Le secret de l'usinage écologique des cockpits
Un millimètre seulement. C'est l'épaisseur à laquelle est réduite la tôle d'aluminium dans certaines zones de la pointe avant des Airbus A 320. En effet, pour gagner du poids, les panneaux sont creusés là où les charges à supporter le permettent. Or, dans l'aéronautique, cette opération est traditionnellement effectuée par usinage chimique, un procédé qui a le défaut d'être polluant. Pour s'en affranchir, Aerolia, la filiale d'EADS créée en janvier 2009, a réussi à mettre au point et à breveter un process entièrement nouveau d'usinage mécanique sur son site de Saint-Nazaire, en Loire-Atlantique. Ce spécialiste des aérostructures a travaillé avec le fabricant de machines grenoblois Dufieux Industrie.
Plus écologique, le procédé offre aussi l'avantage d'être moins contraignant et de fluidifier la production. « Le risque Seveso du procédé chimique est supprimé, les consommations d'énergie et d'eau sont limitées et, de plus, les copeaux peuvent se recycler », explique Arnaud Meyer, le directeur du site.
CHAQUE PIÈCE EST SCANNÉE ET MODÉLISÉE EN 3 D
Avant d'être usinés, les panneaux en aluminium sont chauffés dans un four à 475 °C, et refroidis dans l'eau. Après cette trempe, ils sont envoyés vers une presse de huit cents tonnes pour subir une opération d'étirage. Cette étape, qui met en forme le panneau, doit être effectuée dans les deux heures suivant la trempe. Mais le comportement de ces panneaux et le résultat de l'étirage sont très aléatoires : impossible de prévoir précisément leur déformation ! Du coup, l'usinage mécanique traditionnel n'est pas adapté, car la programmation d'une machine exigerait que toutes les pièces soient semblables. Les ingénieurs ont trouvé le moyen de contourner cette difficulté : chaque panneau étiré est scanné individuellement. La modélisation 3 D du panneau est transmise à un ordinateur qui transmet les coordonnées point par point au bras d'usinage.
SUSPENDU ENTRE DEUX BRAS
Le panneau est alors placé verticalement dans une grande cabine, coincé entre deux bras mobiles guidés par l'ordinateur de pilotage. L'un des bras est muni de la fraise, l'autre d'un système d'appui : le panneau est comme une feuille de papier tenue entre deux pointes de stylo.
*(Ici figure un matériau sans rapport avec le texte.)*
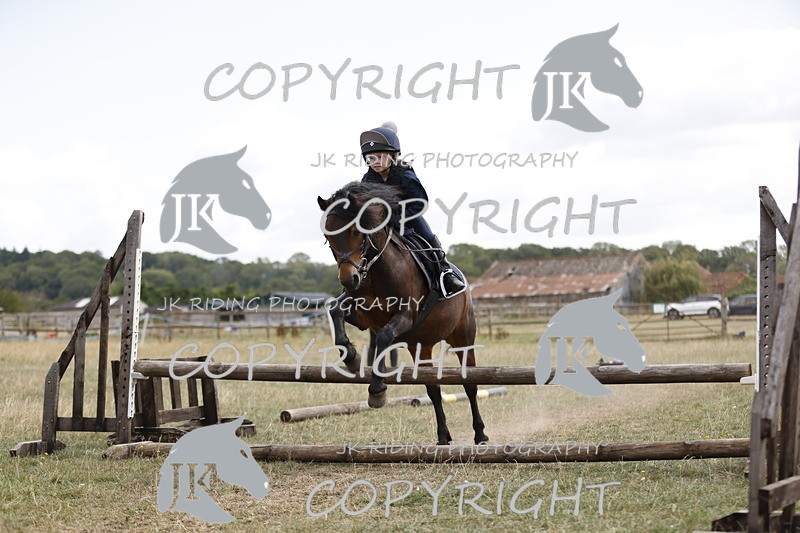 _R6A1186 - Grass Arena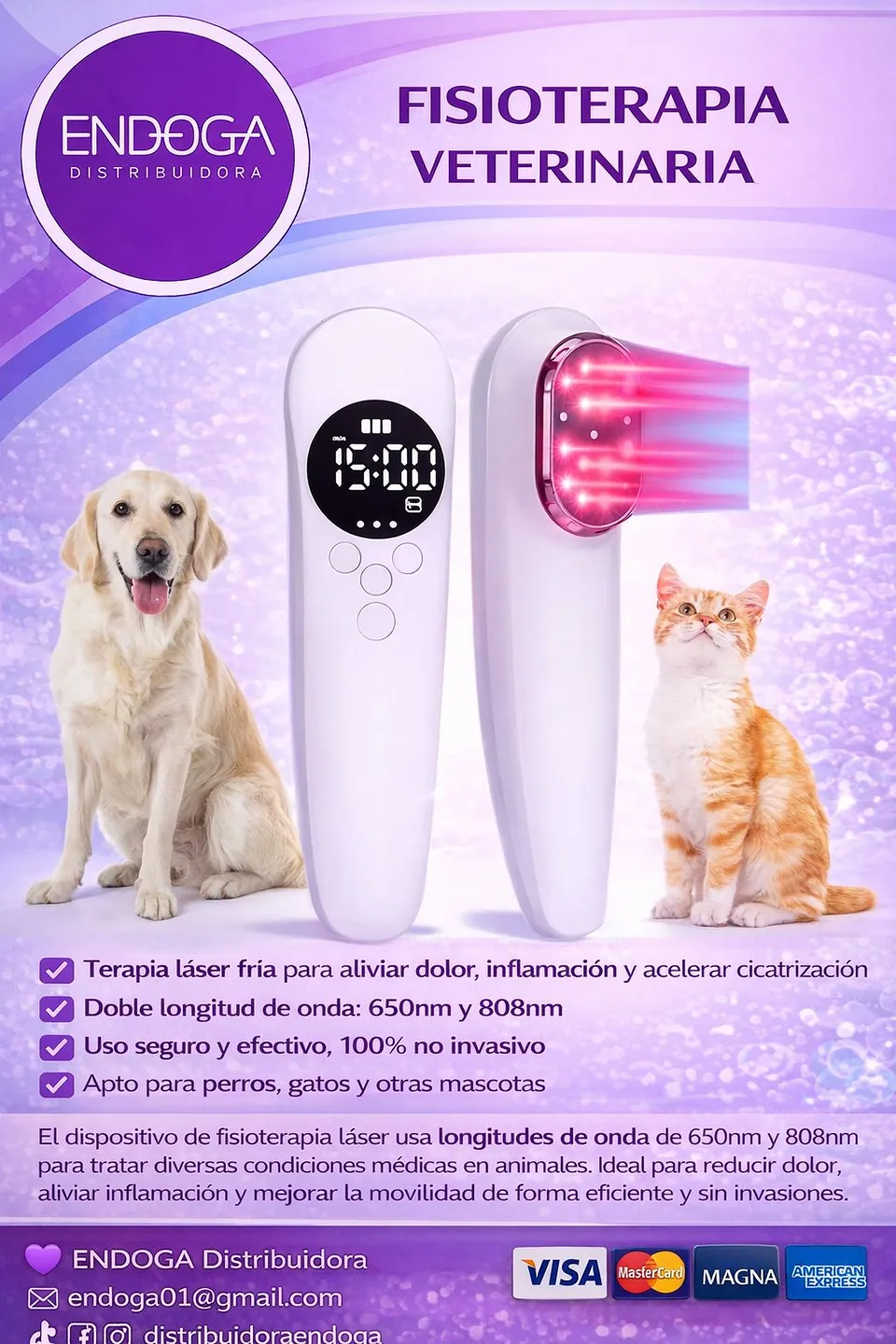 Equipo de fisioterapia veterinaria, Línea Veterinaria de Endoga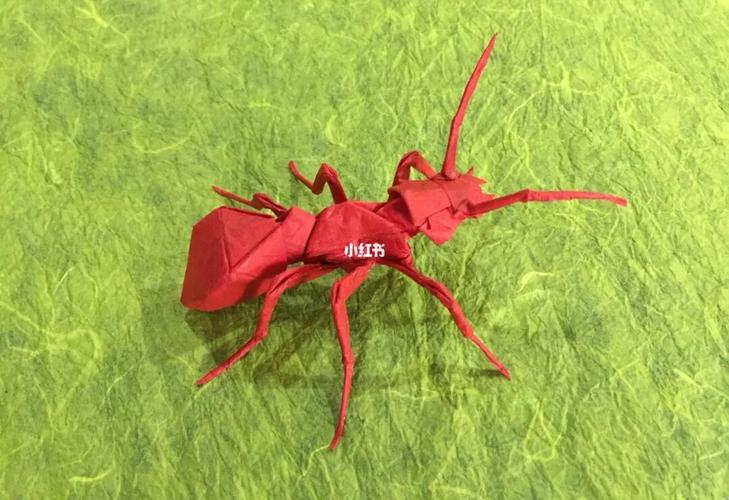 折纸蚂蚁
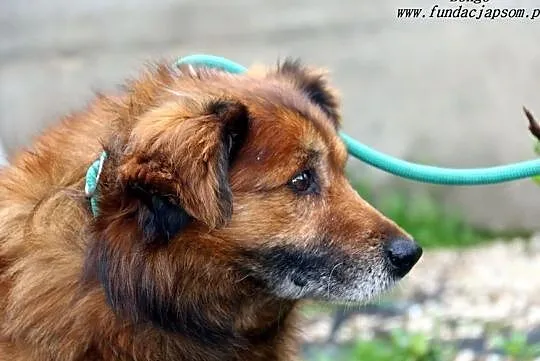 Bongo - puchaty rudzielec, Mazowieckie, Nowy Dwór Mazowiecki
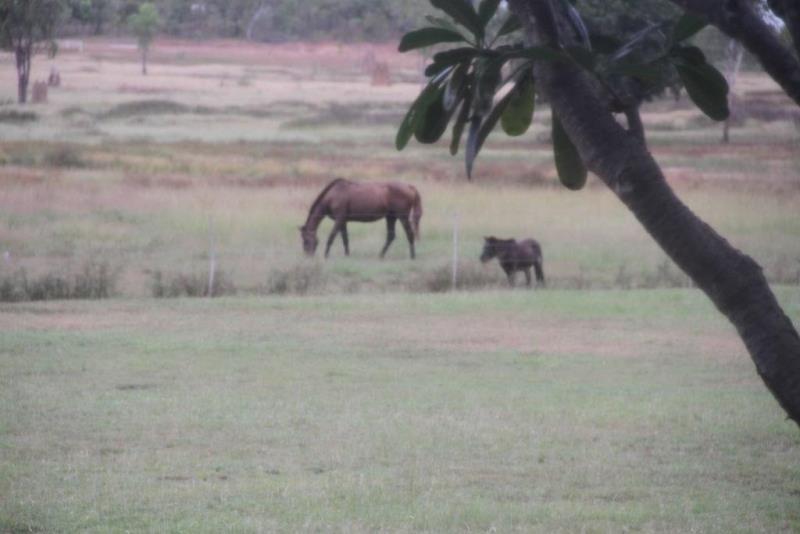 Adelaide River NT Other for Sale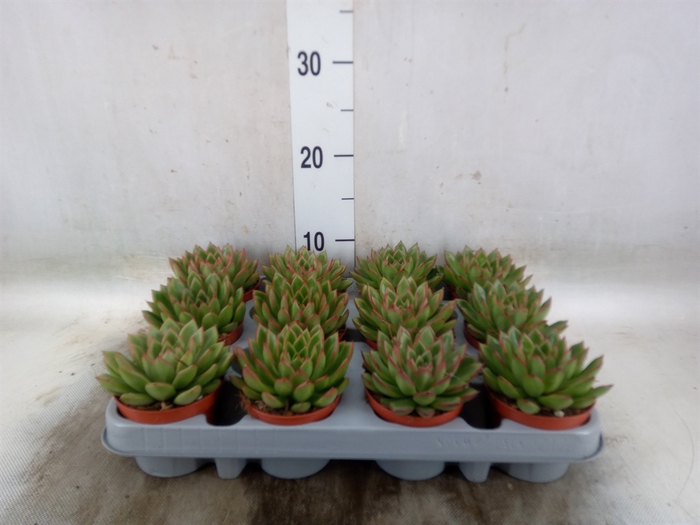 <h4>Echeveria agavoides</h4>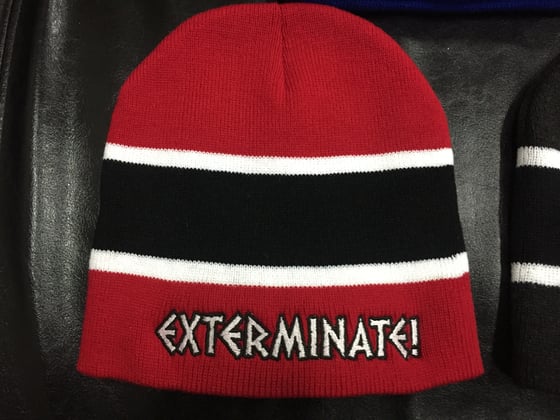 Image of Exterminate! striped knit beanie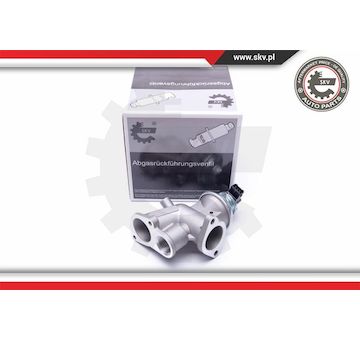 AGR-Ventil ESEN SKV 14SKV181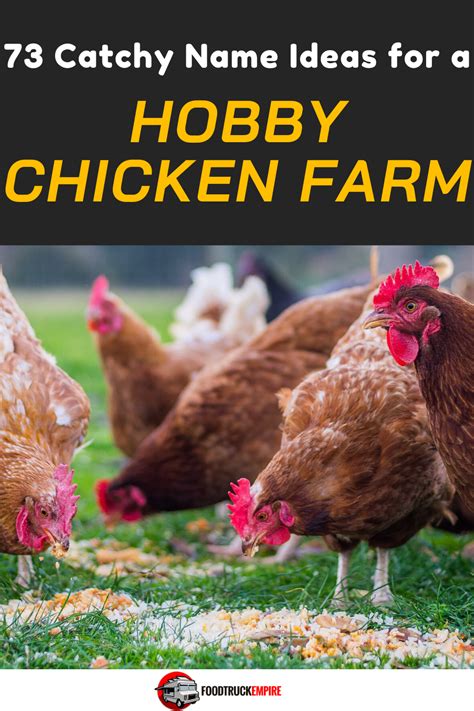 473 Catchy Name Ideas For A Hobby Chicken Farm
Cette innovation nommée « Milling Miror System » a permis d'adapter l'usinage mécanique aux panneaux de forme aléatoire, mais aussi de gagner en précision : les tolérances ont pu être réduites de 10 %.
La ligne usine de très grandes pièces, jusqu'à 10,50 mètres de haut pour 3,30 mètres de large, ce qui était impossible dans un bain d'usinage chimique. De plus, avec cette installation, Aerolia a considérablement réduit le temps de cycle. Comme toutes les opérations sont dorénavant réalisées au même endroit (un aller-retour avec un autre site était jusqu'ici nécessaire), l'entreprise est capable de livrer en cinq jours, au lieu de vingt-et-un avec l'usinage chimique.
A ce jour, Aerolia a produit environ 1 600 panneaux pour Airbus avec ce procédé. L'entreprise cherche aujourd'hui à séduire d'autres avion-neurs. En cette période de baisse des cadences, c'est sans doute indispensable pour rentabiliser les 40 millions d'euros d'investissement.